Let’s start with the obvious - It is a new system to learn. It might be a little cumbersome and time consuming initially, but putting the time in up-front will save you time in the long run!
Some technical setup is still required - If you are not familiar with, or comfortable with code, you will likely still need to enlist the help of a developer to set up your initial theme and custom modules.
Navigation and footer - If you were comfortable enough with templates to update your global modules, you no longer have the same flexibility. Global modules are now hard-coded. I will say that this pain point is one that developers are building more capabilities around, creating toggle switches to add columns and other features that give marketers more flexibility to customize our site.
If you are on the old template system, there are some bugs - depending on the templates themselves, there are certain features of the new visual editor that you will not be able to utilize.
You won’t be able to add columns to a page.
Dragging and dropping new modules may (or may not) work. Or you may only be able to add them in certain positions on the page.
Switching over from templates to a theme is a bit cumbersome - Although this functionality has improved since themes were originally launched, you will still need to do some heavy lifting here. At inception, there was no way to stage a cloned page from a template and swap it to a theme, meaning we lost the ability to stage a page with the same URL. But good news, now you can!
Candidly, I’ve slept a few too many times to remember where the breakdown in the process was before, or maybe I had just overlooked something to begin with, but I can detail it now! After staging a cloned page, you can navigate to page settings and swap the “template” to a theme template.
Pro tip: I’ve found that using the “blank” template within your theme will copy over the greatest amount of content. The downfall of this process is that you will likely still need to manually copy and paste some content from the page itself onto the new one. This is especially true if your templates utilize custom modules.
How To Use the Visual Editor
Now let’s do a quick breakdown of the new editor and how to get started using it. First, you will need to set up a theme. For this, you will likely need to enlist the help of a developer.

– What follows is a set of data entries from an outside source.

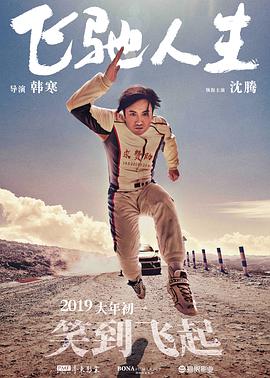 中文在线资源新版官网
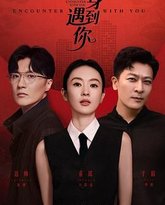 转身遇到你 封面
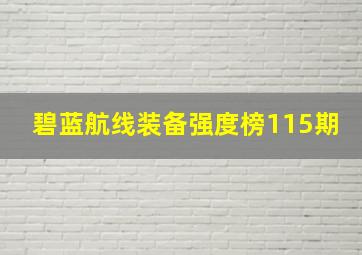 碧蓝航线装备强度榜115期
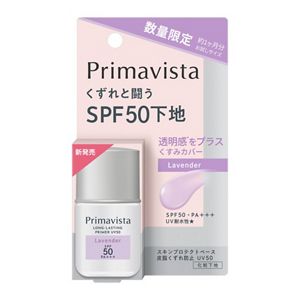 プリマヴィスタ スキンプロテクトベース 皮脂くずれ防止 UV50
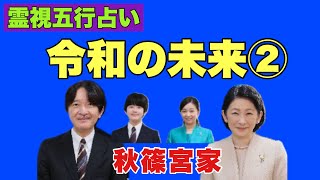 【霊視五行占い】令和の未来②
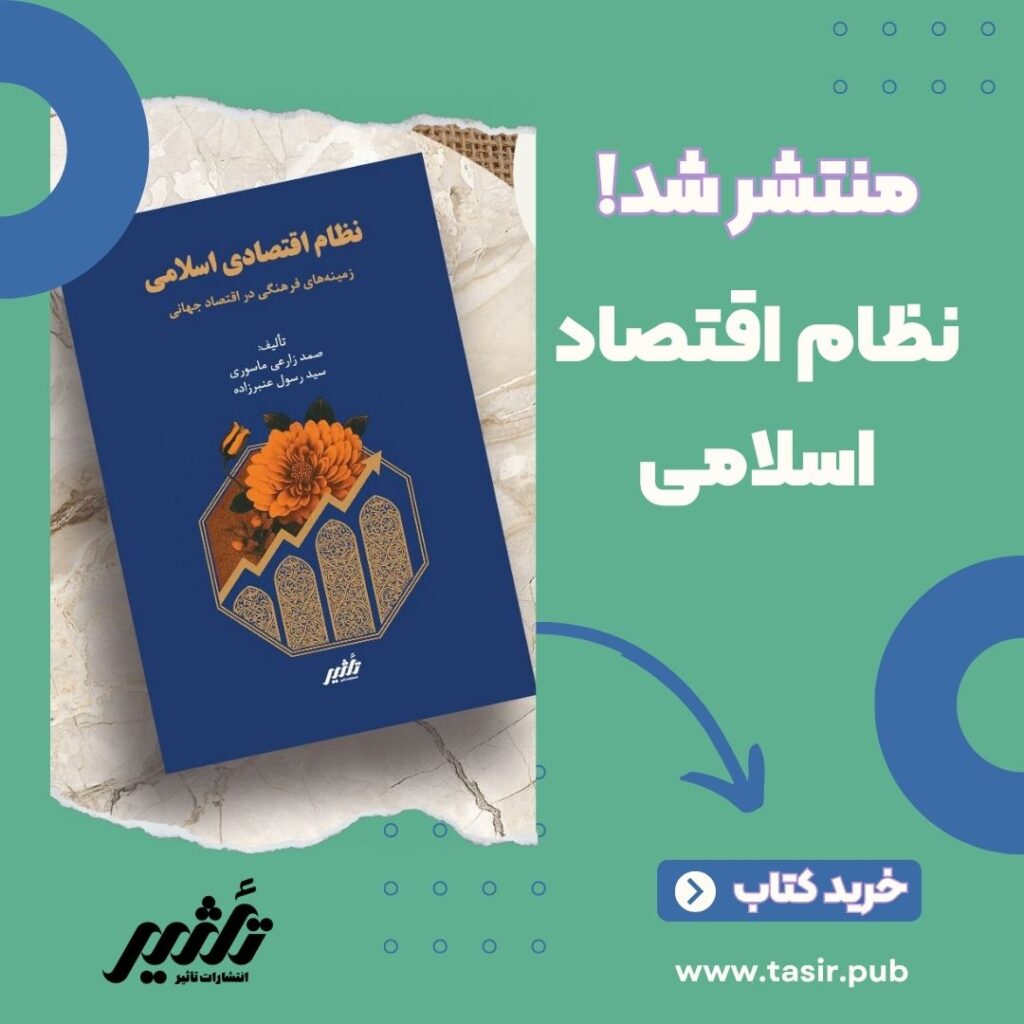 کتاب نظام اقتصاد اسلامی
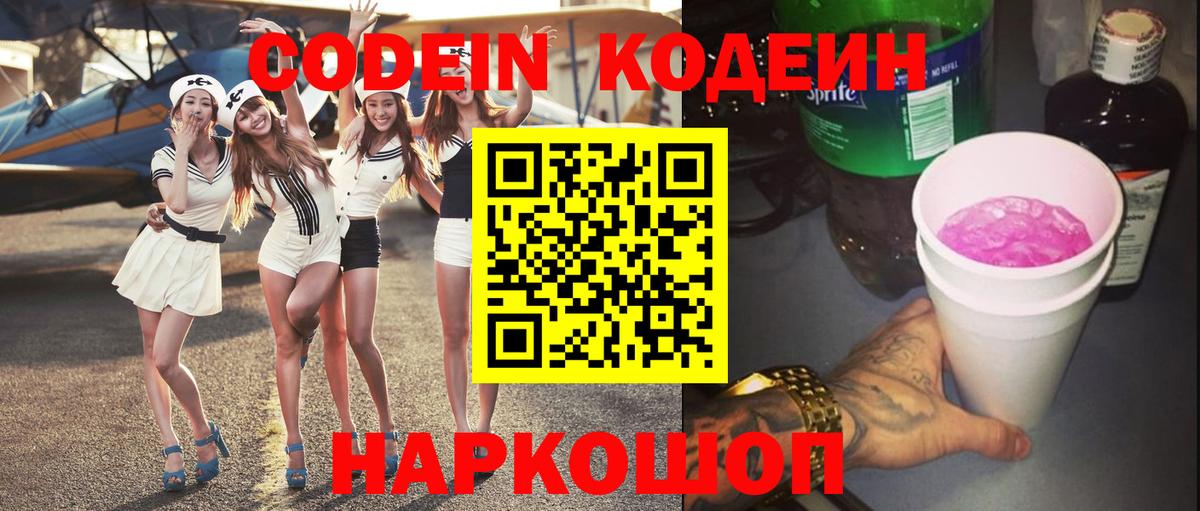 Codein Purple Drank Канаш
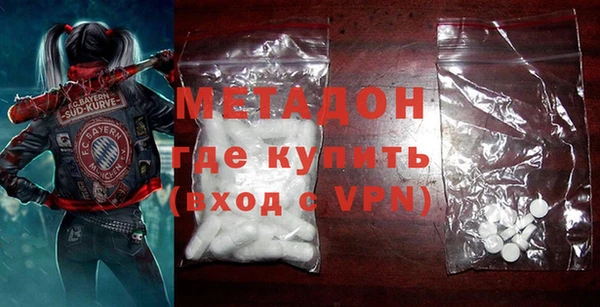 ECSTASY Балабаново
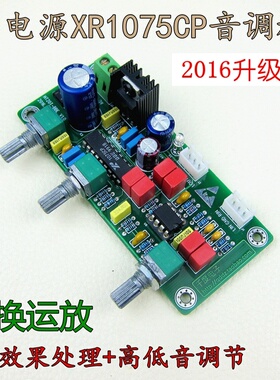 包邮升级版音调板功放前置XR1075数字BBE音效音质激励器发烧HIFI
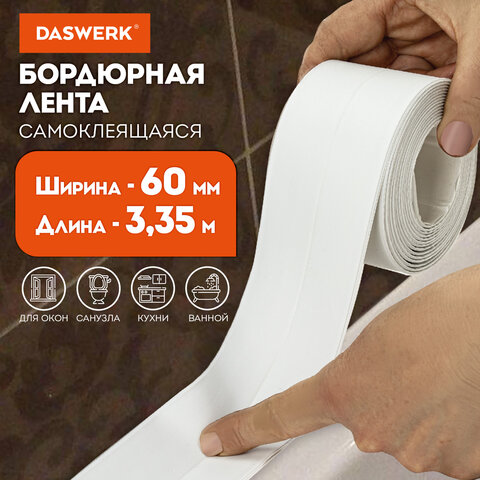 Клейкая лента бордюрная для ванны и кухни повышенной клейкости 60 мм х 3,35 м, бутил, DASWERK (ДАСВЕРК), 608775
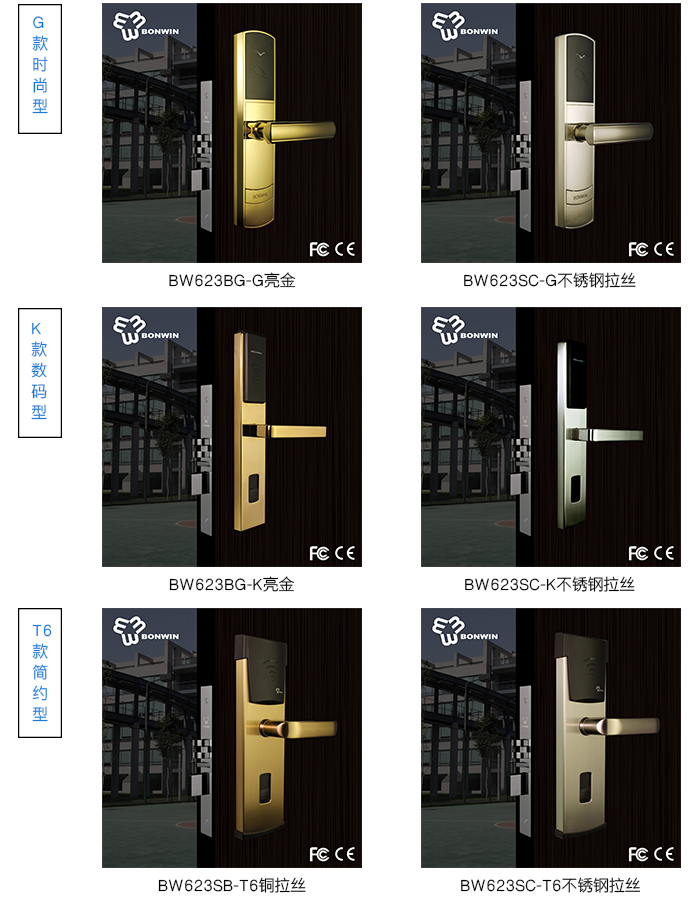 BW623校園有線聯(lián)網(wǎng)門鎖系統(tǒng)——款式與顏色，T6簡約型，G款時尚型，K款簡約型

HubSpot provides their Boilerplate theme as a starting point to jump start this process. You can also access a multitude of free, or purchasable themes from HubSpot’s asset marketplace. Once your developer has created and uploaded the theme, or you have installed one from the marketplace, it is time to get to work!
If you need to edit elements of your theme, navigate to the “design” tab in the page editor, then go to “edit theme” in the settings. You can also navigate to your HubSpot settings tab, then websites and then themes. Here you can update typography, colors, your logo, default button styles, etc.
In the page editor, you are able to drag and drop modules throughout the body of the page. If you’d like to add multiple modules in a row, simply drag the elements next to each other. Once it has been placed on a page, you can adjust the column width by grabbing and dragging the divider line quickly, and easily. You can also update the alignment (top, middle, or bottom) of the elements in the row, and add background colors/images via the section settings.
From one marketer to another, I may have shed a few unhappy tears for all the things I have learned about templates over the years, but those quickly turned into random outbursts of “this is awesome!” While it is a new system to learn, and there are still some kinks to be worked out, the new CMS offers marketers the flexibility to update and build pages on the fly so you can adjust your strategy to meet the needs of the ever-changing business environment.